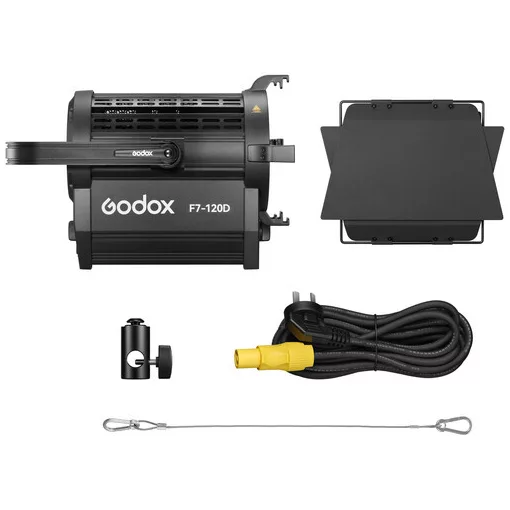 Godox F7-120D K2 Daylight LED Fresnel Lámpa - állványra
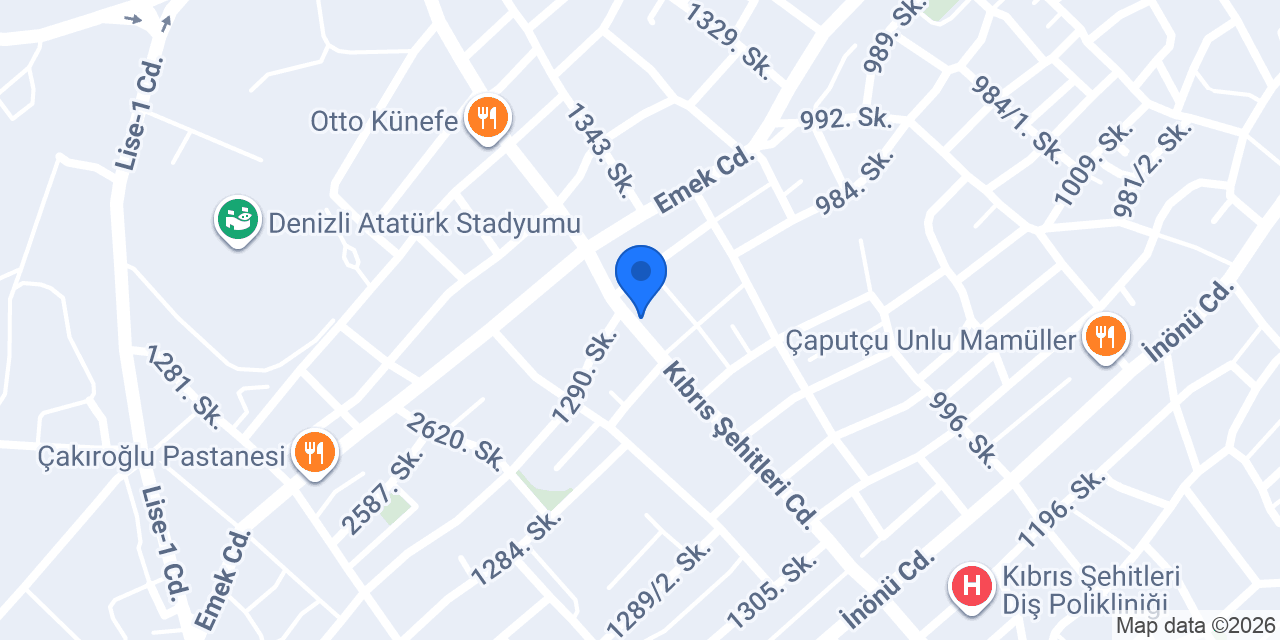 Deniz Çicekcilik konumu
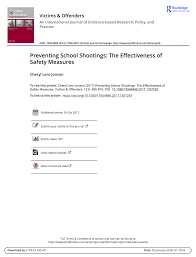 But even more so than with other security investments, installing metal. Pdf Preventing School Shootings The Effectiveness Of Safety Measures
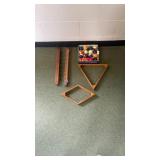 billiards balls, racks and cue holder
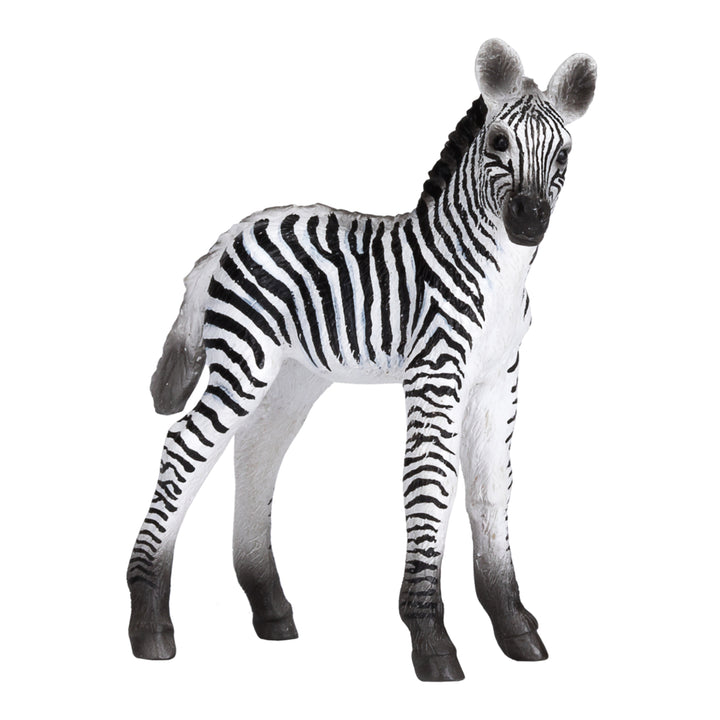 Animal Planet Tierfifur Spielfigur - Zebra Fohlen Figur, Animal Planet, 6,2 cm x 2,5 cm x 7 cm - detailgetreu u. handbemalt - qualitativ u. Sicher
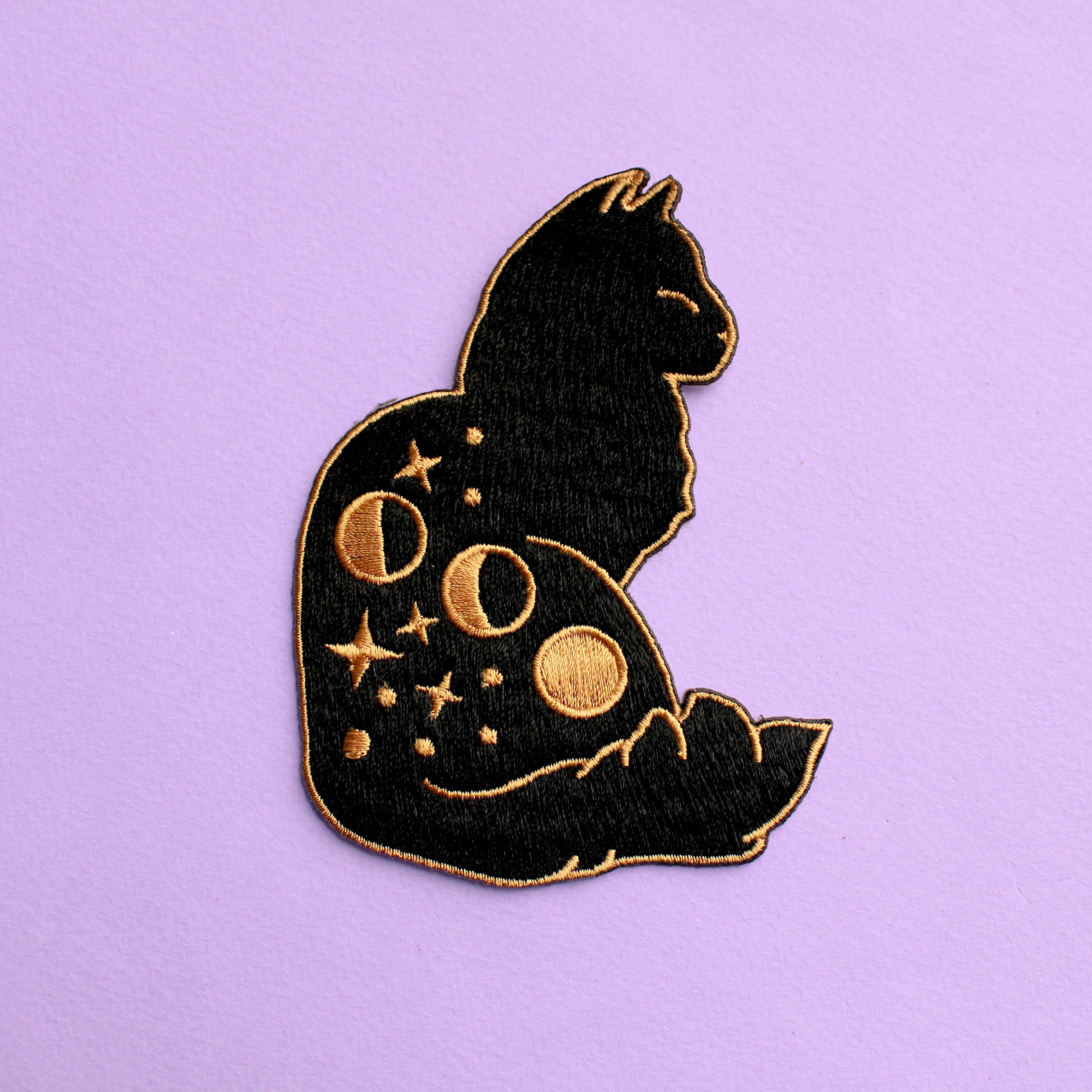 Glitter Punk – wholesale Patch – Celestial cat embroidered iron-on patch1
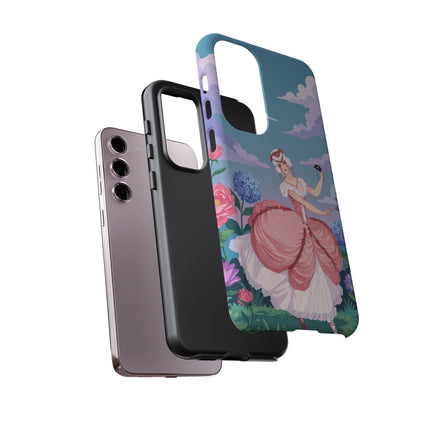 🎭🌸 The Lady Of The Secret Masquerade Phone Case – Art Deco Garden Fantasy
^^^^^^^^
Everything in the listing must be restated word for word, except for the pictures.

Task output =
 Godox F7-120D K2 Daylight LED Fresnel Lámpa - állványra
 Deniz Çicekcilik konumu
 But even more so than with other security investments, installing metal. Pdf Preventing School Shootings The Effectiveness Of Safety Measures
 billiards balls, racks and cue holder
 Animal Planet Tierfifur Spielfigur - Zebra Fohlen Figur, Animal Planet, 6,2 cm x 2,5 cm x 7 cm - detailgetreu u. handbemalt - qualitativ u. Sicher
 Glitter Punk – wholesale Patch – Celestial cat embroidered iron-on patch1
 🎭🌸 The Lady Of The Secret Masquerade Phone Case – Art Deco Garden Fantasy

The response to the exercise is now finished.